Benjamin Button is beyond post-modern and therefore deserves something beyond post-modern critcism. Looking backwards, as it were, may be the new technique for looking forwards. For example, run Citizen Kane in reverse, and the Wellsian morality tale takes on a new patina. Rather than summing up or explaining a man's entire life experience by means of a lost childhood toy, getting that "Rosebud" discovery out of the way at the beginning of the film enables us to see that Kane is really about growing young gracefully. In the end (former beginning) of the film, young Kane is joyfully reunited with his beloved sled and returns to a life where happiness is determined by the ups and downs of snow accumulation.
The Godfather: Part II in reverse chronicles the ascent of Michael Corleone from the depths of mafia moral corruption of America circa 1955 to the heights of the mafia moral corruption left over from The Godfather (part one), setting us up for his ultimate regeneration in the backwards viewing of that previous epic.

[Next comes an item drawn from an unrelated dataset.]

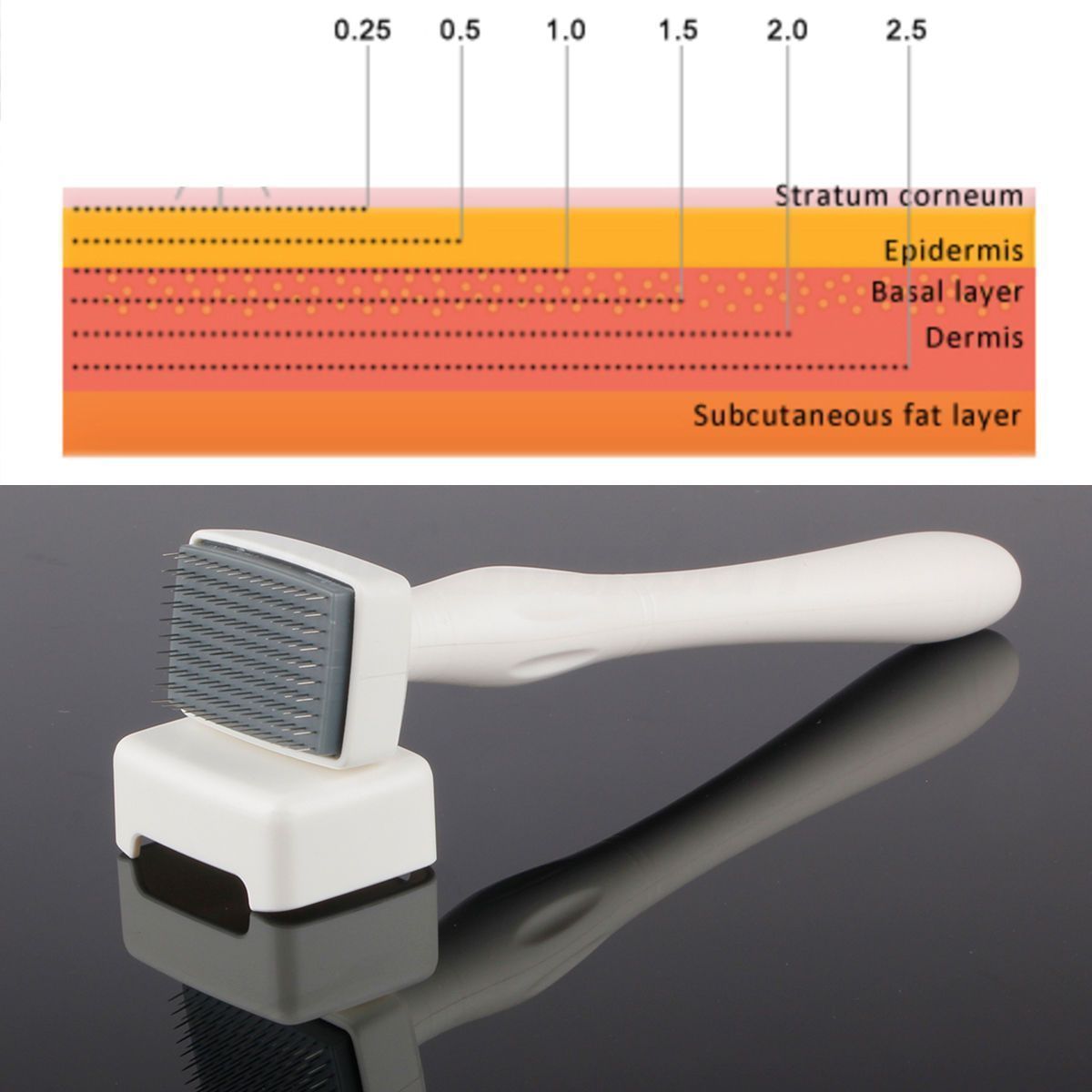 Derma Roller
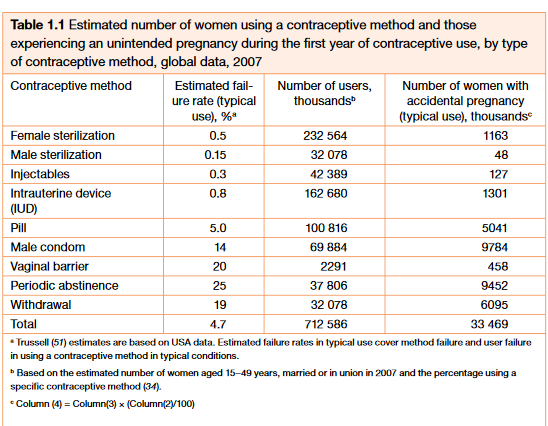 i pagkosmia organosi ygeias who i antisyllipsi kai i ektrosi 01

This new approach to film criticism, which might be call pre-post modernism, works for film after film, whether its Tom Joad and his family triumphantly returning to their Oklahoma farm, in effect putting the wine back into the grapes, or Moses closing the Red Sea as the Israelites reconsider the relative merits of being the “chosen people.”
I’ve run dozens of films through this reverse critical process and the result has been a deeper understanding of the human condition and the art of filmmaking. The sole exception so far for some reason is Memento, which makes no sense no matter which way its viewed.